The intended use of the strncmp bound is to limit the comparison to
at most the size of the arrays or (in a subset of cases) the length
of an initial substring. Providing an arbitrary bound that's not
related to the sizes as you describe sounds very much like a misuse.

As a historical note, strncmp was first introduced in UNIX v7 where
its purpose, alongside strncpy, was to manipulate (potentially)
unterminated character arrays like file names stored in fixed size
arrays (typically 14 bytes).  Strncpy would fill the buffers with
ASCII data up to their size and pad the rest with nuls only if there
was room.

Strncmp was then used to compare these potentially unterminated
character arrays (e.g., archive headers in ld and ranlib).  The bound
was the size of the fixed size array.  Its other use case was to compare
leading portions of strings (e.g, when looking for an environment
variable or when stripping "./" from path names).

Since the early UNIX days, both strncpy and to a lesser extent strncmp
have been widely misused and, along with many other functions in
<string.h>, a frequent source of bugs due to common misunderstanding
of their intended purpose.  The aim of these warnings is to detect
the common (and sometimes less common) misuses and bugs.
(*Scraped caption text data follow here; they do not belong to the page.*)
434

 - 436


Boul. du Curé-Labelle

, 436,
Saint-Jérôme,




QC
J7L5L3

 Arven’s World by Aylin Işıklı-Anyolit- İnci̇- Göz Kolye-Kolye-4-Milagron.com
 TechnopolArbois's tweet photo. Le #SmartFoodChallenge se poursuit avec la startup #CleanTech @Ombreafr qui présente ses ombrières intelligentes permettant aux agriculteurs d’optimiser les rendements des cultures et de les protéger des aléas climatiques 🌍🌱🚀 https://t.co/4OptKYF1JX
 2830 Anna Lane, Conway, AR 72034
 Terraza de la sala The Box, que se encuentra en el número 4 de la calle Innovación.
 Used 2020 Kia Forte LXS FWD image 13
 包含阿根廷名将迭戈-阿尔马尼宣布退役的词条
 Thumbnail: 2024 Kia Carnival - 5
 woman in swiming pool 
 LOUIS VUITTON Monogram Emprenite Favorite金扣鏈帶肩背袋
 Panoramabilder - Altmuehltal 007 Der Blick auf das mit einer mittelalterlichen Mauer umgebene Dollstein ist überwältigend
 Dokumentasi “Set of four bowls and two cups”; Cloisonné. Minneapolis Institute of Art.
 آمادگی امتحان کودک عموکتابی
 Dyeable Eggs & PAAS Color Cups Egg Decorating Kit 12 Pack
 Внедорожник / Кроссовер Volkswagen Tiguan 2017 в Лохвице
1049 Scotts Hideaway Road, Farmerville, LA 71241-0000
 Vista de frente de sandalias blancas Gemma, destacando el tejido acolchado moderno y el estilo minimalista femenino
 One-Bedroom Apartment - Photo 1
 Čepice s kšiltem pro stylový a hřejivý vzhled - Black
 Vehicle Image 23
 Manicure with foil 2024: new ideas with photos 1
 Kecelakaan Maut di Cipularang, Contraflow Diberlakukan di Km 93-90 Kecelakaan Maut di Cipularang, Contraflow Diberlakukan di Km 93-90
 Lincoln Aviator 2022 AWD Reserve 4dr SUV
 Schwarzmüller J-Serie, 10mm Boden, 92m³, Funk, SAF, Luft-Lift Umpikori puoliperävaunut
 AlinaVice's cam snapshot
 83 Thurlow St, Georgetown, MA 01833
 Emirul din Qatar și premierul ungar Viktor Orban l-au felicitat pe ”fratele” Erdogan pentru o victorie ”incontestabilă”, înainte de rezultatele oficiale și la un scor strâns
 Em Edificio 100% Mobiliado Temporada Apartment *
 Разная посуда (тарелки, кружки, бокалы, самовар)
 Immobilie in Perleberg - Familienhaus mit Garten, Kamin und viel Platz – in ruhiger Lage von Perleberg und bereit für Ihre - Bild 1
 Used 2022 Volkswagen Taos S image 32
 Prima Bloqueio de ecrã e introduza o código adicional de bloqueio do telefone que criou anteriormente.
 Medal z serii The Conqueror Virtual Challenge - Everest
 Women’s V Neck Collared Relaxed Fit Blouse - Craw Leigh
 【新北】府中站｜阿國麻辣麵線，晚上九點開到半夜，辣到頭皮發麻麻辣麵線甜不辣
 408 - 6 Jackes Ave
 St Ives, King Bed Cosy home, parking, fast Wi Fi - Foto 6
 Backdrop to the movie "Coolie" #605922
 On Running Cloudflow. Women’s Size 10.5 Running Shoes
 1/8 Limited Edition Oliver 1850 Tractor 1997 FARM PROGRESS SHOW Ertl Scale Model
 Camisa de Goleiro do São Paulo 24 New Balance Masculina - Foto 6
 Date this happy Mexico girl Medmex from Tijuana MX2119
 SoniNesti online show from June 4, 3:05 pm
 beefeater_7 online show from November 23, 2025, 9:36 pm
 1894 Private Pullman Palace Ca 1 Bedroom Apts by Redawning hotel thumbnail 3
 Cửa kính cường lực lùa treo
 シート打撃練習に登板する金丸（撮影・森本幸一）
> I agree the call is undefined if one of the arrays is not nul-terminated 
> and that's the thing; nothing about the bound is undefined in this 
> context, it's the NUL termination that is key.
> 
>> is no point in calling strncmp with a bound greater than their sizes.
> 
> There is, when the bound describes something else, e.g. the size of a 
> third destination buffer into which one of the input buffers may get 
> copied into.  Or when the bound describes the maximum length of a set of 
> strings where only a subset of the strings are reachable in the current 
> function and ranger sees it, allowing us to reduce our input string size 
> estimate.  The bounds being the maximum of the lengths of two input 
> strings is just one of many possibilities.
> 
>> With no evidence that this warning is ever harmful I'd consider
> 
> There is, the false positives were seen in Fedora/RHEL builds.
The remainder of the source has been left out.